[Start of section]
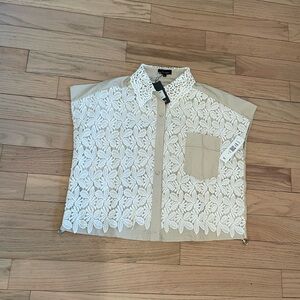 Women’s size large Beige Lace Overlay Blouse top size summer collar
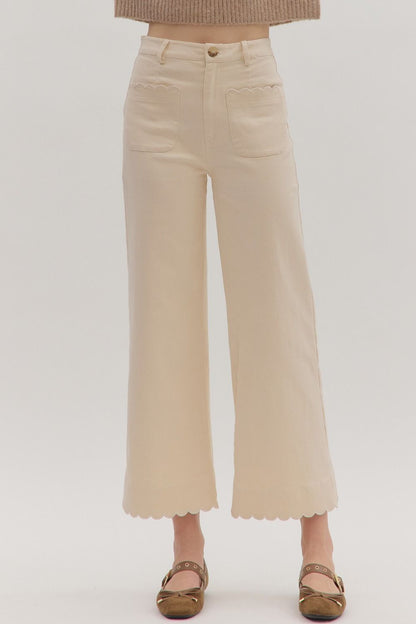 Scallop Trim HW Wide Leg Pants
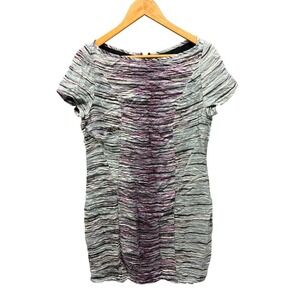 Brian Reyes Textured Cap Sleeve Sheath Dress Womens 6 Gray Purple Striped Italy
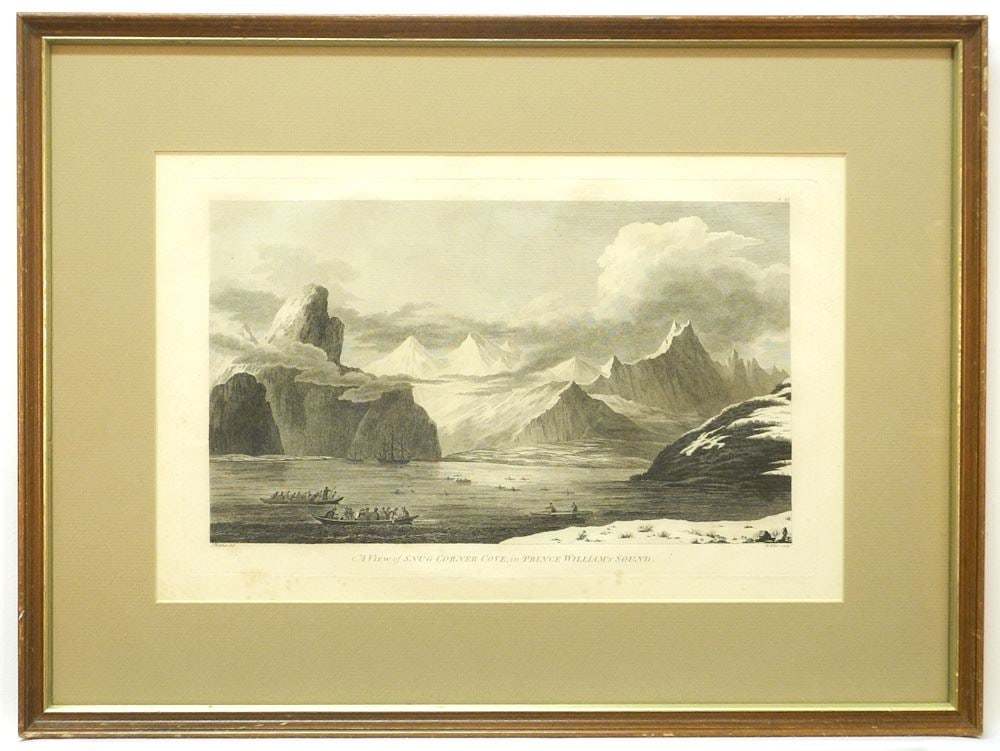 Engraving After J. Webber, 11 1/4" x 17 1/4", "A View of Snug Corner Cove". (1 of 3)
[End of section]
[Start of section]
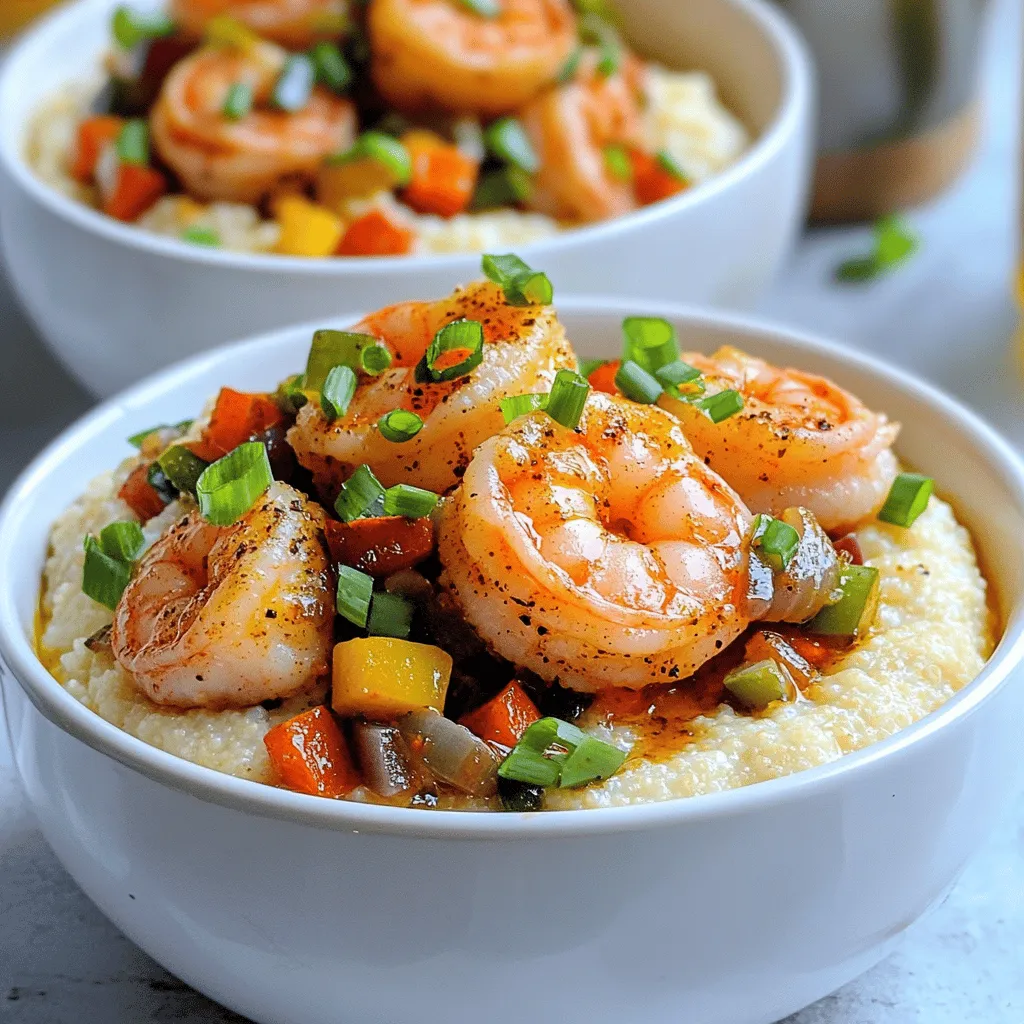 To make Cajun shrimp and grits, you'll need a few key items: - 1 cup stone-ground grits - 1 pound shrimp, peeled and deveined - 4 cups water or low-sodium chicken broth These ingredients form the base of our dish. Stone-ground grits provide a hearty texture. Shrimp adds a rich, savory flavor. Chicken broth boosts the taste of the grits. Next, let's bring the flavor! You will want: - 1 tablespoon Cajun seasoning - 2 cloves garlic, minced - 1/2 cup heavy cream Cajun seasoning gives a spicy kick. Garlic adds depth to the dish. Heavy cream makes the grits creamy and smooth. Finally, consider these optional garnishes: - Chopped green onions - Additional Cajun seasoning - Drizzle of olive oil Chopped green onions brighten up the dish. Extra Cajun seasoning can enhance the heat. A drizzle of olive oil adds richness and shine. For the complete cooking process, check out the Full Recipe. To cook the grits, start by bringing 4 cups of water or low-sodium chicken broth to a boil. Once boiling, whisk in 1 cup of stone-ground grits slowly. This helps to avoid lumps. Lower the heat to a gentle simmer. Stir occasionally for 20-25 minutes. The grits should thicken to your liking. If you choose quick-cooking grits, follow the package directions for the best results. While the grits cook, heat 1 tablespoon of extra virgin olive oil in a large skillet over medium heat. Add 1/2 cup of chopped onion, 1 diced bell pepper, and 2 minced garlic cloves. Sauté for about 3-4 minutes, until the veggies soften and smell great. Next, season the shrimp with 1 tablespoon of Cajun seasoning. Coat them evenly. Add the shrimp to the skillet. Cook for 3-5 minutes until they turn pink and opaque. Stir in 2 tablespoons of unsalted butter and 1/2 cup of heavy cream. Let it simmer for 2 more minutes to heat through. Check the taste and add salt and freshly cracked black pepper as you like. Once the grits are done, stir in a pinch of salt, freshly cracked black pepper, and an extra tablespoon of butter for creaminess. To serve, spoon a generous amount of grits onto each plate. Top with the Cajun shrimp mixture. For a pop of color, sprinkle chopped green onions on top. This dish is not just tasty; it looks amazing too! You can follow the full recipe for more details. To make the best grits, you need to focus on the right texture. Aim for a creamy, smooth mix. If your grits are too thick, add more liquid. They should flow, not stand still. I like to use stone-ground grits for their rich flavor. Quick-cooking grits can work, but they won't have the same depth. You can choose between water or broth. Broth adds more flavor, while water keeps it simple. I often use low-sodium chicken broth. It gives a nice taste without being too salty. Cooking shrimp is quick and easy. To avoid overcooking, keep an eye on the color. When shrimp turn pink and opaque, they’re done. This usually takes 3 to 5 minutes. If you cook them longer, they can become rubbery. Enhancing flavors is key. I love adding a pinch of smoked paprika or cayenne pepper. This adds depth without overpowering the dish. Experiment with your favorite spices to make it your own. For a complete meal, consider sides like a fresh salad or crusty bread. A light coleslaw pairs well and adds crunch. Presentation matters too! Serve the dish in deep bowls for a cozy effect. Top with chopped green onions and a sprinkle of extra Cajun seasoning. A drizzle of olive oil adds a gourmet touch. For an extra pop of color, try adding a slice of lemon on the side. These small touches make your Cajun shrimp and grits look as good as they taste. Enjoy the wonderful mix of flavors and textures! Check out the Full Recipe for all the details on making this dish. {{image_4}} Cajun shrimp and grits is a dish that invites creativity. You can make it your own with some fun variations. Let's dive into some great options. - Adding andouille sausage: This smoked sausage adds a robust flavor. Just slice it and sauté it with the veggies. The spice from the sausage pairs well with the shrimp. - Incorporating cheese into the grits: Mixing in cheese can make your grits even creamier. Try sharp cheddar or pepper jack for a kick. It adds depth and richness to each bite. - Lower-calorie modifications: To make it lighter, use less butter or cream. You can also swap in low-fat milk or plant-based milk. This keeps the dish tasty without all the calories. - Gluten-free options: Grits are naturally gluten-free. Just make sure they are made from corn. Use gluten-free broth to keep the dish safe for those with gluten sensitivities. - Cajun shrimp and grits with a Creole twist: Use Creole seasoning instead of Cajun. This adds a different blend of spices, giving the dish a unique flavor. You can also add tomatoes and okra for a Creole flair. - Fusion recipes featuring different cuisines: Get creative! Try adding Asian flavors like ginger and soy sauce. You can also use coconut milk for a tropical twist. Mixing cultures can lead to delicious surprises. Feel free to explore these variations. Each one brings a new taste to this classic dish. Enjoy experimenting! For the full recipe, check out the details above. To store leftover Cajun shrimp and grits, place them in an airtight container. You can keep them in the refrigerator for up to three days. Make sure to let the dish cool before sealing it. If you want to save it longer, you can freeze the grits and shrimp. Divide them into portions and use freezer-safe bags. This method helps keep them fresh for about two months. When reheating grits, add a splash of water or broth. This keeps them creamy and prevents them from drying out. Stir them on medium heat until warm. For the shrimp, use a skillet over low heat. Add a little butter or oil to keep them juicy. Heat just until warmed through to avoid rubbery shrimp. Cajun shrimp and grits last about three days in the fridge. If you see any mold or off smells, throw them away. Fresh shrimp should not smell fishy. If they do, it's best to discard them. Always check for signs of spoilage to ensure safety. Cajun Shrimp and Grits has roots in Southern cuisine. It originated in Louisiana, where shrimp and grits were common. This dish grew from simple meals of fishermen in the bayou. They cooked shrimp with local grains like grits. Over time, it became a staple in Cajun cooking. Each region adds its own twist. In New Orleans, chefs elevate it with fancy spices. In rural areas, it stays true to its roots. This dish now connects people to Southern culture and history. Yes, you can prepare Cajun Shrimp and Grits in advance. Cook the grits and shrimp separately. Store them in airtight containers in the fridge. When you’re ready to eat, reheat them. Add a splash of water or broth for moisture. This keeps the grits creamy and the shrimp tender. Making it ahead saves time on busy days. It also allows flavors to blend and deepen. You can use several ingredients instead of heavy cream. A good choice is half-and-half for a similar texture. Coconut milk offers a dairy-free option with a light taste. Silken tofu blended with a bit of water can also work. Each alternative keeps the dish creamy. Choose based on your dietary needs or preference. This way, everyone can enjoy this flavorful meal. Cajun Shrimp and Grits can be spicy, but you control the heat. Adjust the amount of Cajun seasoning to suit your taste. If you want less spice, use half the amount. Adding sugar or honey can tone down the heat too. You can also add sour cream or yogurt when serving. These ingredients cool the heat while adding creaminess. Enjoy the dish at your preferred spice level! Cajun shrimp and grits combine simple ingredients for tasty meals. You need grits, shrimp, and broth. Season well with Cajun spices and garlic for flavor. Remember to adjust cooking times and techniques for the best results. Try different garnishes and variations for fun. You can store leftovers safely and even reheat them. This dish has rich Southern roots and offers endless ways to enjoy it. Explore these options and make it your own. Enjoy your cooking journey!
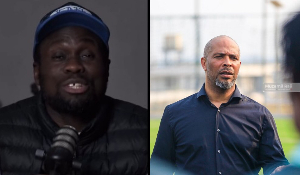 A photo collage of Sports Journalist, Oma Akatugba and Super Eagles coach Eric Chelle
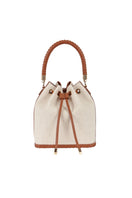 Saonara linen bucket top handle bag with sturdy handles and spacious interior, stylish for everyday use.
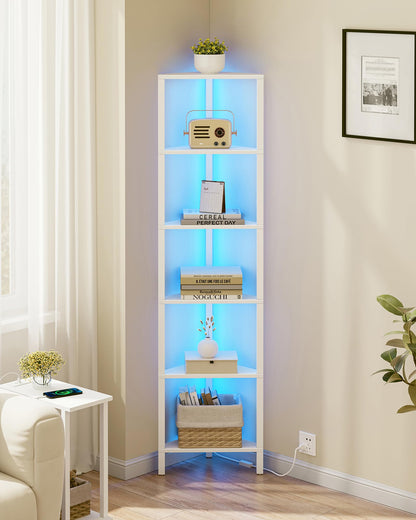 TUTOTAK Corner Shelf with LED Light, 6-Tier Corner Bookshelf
[End of section]
## What you have to do:
Start at the line above containing "Women’s size large" and stop at the line containing "Engraving After J.": print those lines and everything between them exactly, but not the pictures.

## Written reply:
 Women’s size large Beige Lace Overlay Blouse top size summer collar
 Scallop Trim HW Wide Leg Pants
 Brian Reyes Textured Cap Sleeve Sheath Dress Womens 6 Gray Purple Striped Italy
 Engraving After J. Webber, 11 1/4" x 17 1/4", "A View of Snug Corner Cove". (1 of 3)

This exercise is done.